元春は軍を分けて進軍するといい、一方で隆景は軍を一つにして播磨へ進攻すべきと主張。結局、元春が折れて隆景らの軍勢と合流したという。

さて、翌年からは戦局が一変し、毛利両川は苦しくなってくる。

  • 天正7年(1579年)10月:宇喜多直家が離反し、織田方に転じる。
    同じ頃、織田方の攻撃で有岡城が陥落し、荒木村重は逃亡している。また、伯耆では羽衣石城の南条氏が謀反を興す。
  • 天正8年(1580年)1月:秀吉の兵糧攻めにより、三木城が陥落。別所氏は滅亡。
  • 3月:石山本願寺の顕如が織田方と講和し、撤退。ただし、顕如の子・教如は抵抗を続ける。
  • 8月:教如も石山本願寺から撤退。
  • 天正9年(1581年)10月:鳥取城が秀吉の攻撃を受けて陥落。吉川経家が自害。
  • 天正10年(1582年)4月:秀吉が備中高松城を包囲。

備中高松城の戦いでは、毛利両川は救援にむかったものの、同城は既に秀吉の水攻めによって孤立状態にあってどうにもならなかったようだ。
毛利両川はついに秀吉との講和を決意し、和睦に応じた。だが、和睦成立のわずか2日前に本能寺で信長は明智光秀に討たれていたのであった。

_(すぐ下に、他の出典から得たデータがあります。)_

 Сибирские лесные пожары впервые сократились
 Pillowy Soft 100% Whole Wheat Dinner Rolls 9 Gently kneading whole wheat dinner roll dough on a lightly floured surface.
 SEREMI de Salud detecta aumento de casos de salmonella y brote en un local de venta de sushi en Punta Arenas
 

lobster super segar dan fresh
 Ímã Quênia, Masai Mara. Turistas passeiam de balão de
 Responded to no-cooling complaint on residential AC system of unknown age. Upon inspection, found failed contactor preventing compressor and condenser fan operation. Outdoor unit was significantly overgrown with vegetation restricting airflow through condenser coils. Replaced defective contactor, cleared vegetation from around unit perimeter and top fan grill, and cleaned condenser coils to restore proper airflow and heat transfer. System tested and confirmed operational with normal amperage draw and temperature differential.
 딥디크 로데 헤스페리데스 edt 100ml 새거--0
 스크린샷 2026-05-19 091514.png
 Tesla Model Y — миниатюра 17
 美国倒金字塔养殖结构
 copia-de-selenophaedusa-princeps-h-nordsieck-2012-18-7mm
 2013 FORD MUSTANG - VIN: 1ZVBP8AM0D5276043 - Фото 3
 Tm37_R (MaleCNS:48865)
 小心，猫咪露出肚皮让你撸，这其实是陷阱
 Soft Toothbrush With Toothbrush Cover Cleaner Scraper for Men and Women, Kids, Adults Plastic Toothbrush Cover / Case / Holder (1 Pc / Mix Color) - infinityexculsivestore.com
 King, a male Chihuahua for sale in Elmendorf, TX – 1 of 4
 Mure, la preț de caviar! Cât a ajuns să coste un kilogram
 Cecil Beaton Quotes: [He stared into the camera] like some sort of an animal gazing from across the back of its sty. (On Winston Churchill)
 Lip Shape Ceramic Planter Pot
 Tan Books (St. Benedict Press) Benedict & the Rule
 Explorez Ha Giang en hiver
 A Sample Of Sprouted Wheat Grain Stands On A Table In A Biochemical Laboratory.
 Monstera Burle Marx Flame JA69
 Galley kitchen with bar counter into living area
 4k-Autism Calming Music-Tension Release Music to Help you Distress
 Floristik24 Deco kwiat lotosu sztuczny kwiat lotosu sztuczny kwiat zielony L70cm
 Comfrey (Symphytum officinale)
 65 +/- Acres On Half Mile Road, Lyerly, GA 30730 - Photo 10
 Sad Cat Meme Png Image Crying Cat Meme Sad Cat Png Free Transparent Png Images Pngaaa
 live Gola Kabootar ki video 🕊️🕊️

この事変を知ると、秀吉は即座に本能寺へ向かって明智光秀を討つが、毛利両川はこの追撃チャンスを見逃している。もはやその余力はなかったのだろう。
一説に元春は秀吉軍の追撃を主張したが、弟・隆景がこれを制止したという。

その後、元春は秀吉の従属下で動くことを良しとせず、同年12月には家督を嫡男・元長に譲って隠退した。

秀吉の台頭と元春の最期

信長死後の織田家の覇権争いは、羽柴秀吉と柴田勝家の対決となった。
このとき元春が勝家を、隆景が秀吉と接触して、天下の成り行きをうかがっていたらしい。

そして天正11年(1583年)に秀吉に軍配があがると、毛利両川は秀吉に以下2人の人質を送っている。

  1. 元春の三男経言(のちの吉川広家)
  2. 隆景の養子となった小早川元総(のちの毛利秀包)

以後、毛利家は隆景が代表として秀吉と親交を深めていったのである。

天正13年(1585年)になると、秀吉は徳川家康を服属させ、四国の長宗我部元親も降して四国平定を成し遂げていた。

元春はすでに隠退していたが、翌天正14年(1586年)には秀吉からの強い要請により、九州征伐の先鋒として出陣することになった。しかし、豊前国へ侵攻して小倉城を陥落すると、まもなく病死した。

ちなみに嫡男元長も九州征伐に出陣したが、翌年に日向国の陣中で病死。その後の吉川氏は元春三男の経言(吉川広家)が家督を相続している。